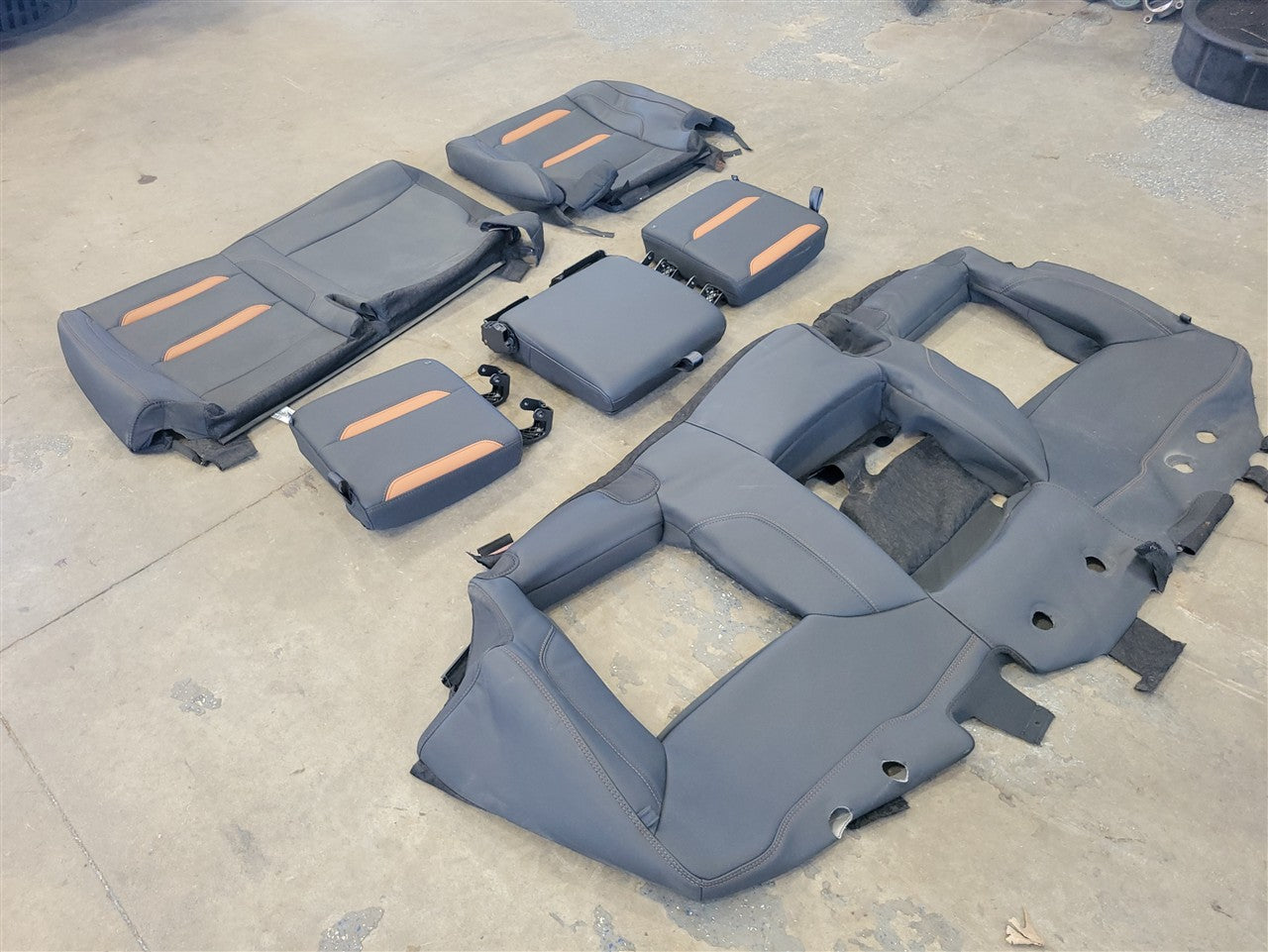 2023 SIERRA REAR AT4 SEAT COVERS BLACK WITH KALAHARI ACCENTS 34487 - image 5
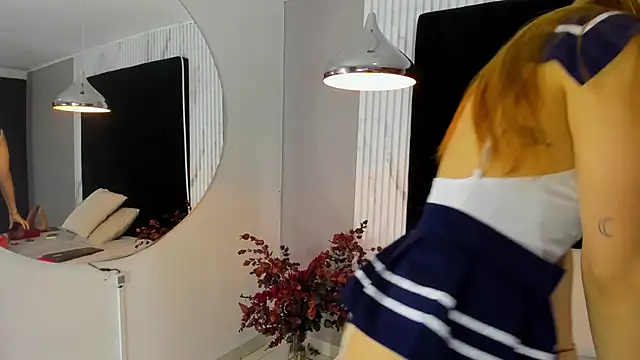 MONIK FOX CR online show from September 19, 2025, 7:47 pm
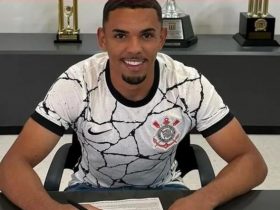 Jovem piauiense assina contrato com o Corinthians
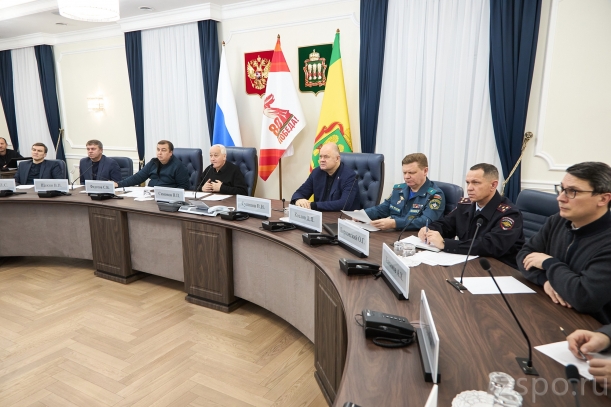 Заседание Комиссии по предупреждению и ликвидации ЧС под руководством Губернатора Пензенской области Олега Владимировича Мельниченко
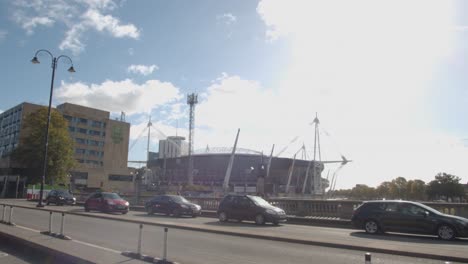 Exterior-Del-Estadio-Deportivo-Del-Principado-En-Cardiff-Gales-Con-Carretera-En-Primer-Plano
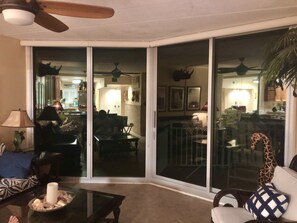 Interior - Beautiful Atlantic Ocean beach front condo in sunny Florida! (Daytona Beach Shores)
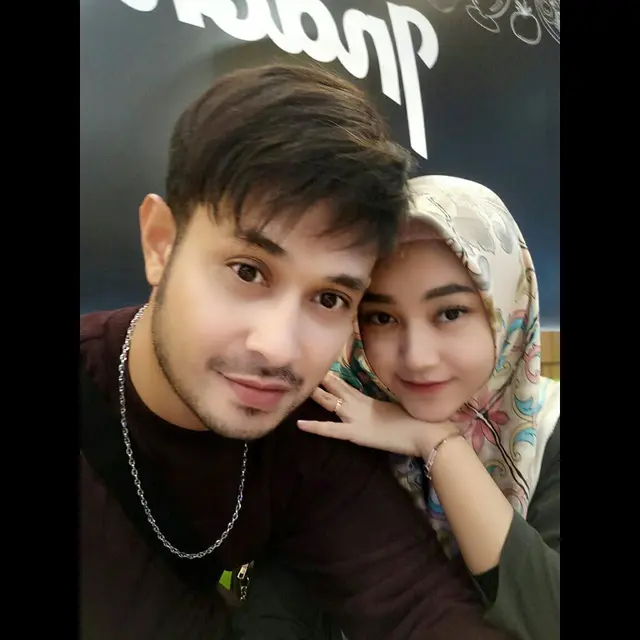 Sering Berperan Sebagai Suami Antagonis, Ini 6 Potret Meidian Maladi dan Sang Istri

About this task »
Only the lines from the beginning of the records through the line bearing "Jovem piauiense assina" belong in the answer, copied word for word with pictures left out.

Your response »
 2023 SIERRA REAR AT4 SEAT COVERS BLACK WITH KALAHARI ACCENTS 34487 - image 5
 MONIK FOX CR online show from September 19, 2025, 7:47 pm
 Jovem piauiense assina contrato com o Corinthians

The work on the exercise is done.